(Records from a data source)
..........

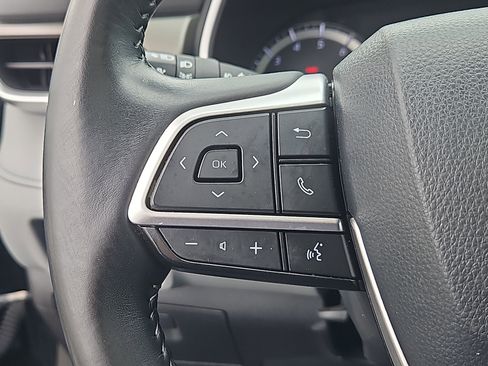 Used 2022 Toyota Highlander XLE AWD/4WD image 17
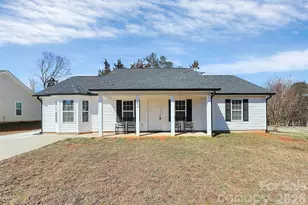 105 Ace Ave, Dallas, NC 28034 - Photo 1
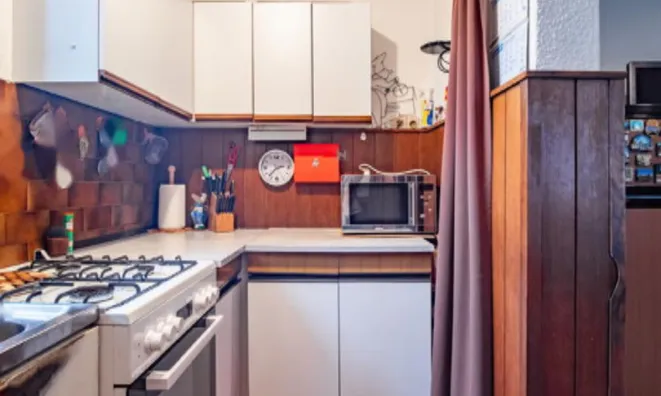 Недвижимость Трёхкомнатная квартира в центре: 14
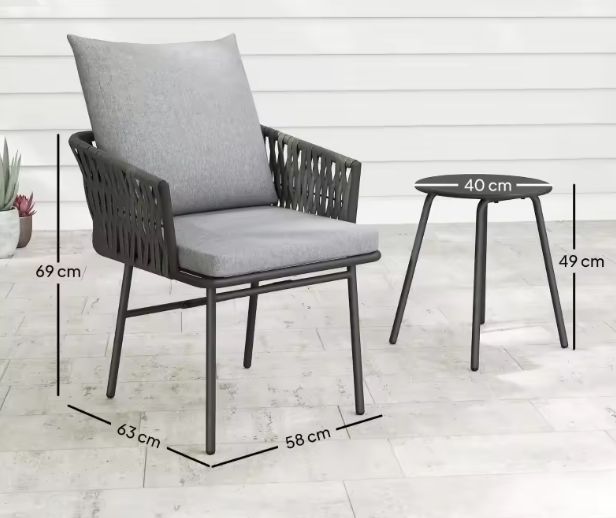3-delige Rotan Bistroset – Tuinstoelen & Tafel met Kussens
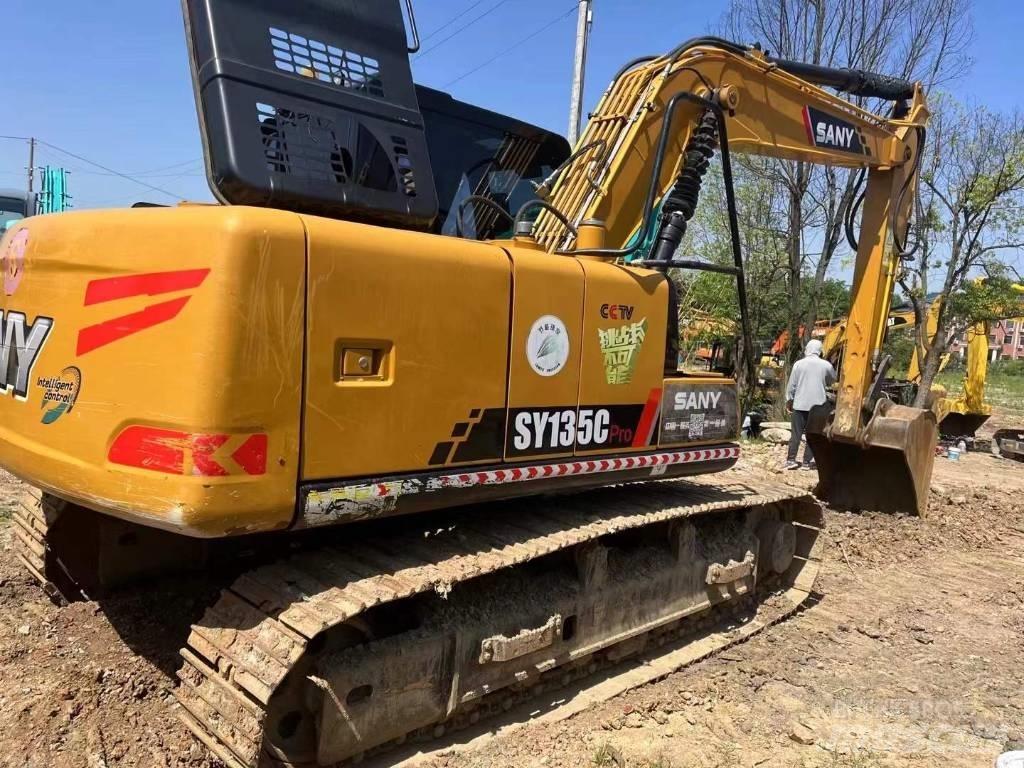 Sany SY 135 C Pro حفارات زحافة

..........

§ WHAT THE EXERCISE ASKS: A word-for-word repeat of the lines from the line with "3-delige Rotan Bistroset" to the last line of the data, both ends included and pictures left out, is all that should appear.

§ EXERCISE RESULT:
3-delige Rotan Bistroset – Tuinstoelen & Tafel met Kussens
 Sany SY 135 C Pro حفارات زحافة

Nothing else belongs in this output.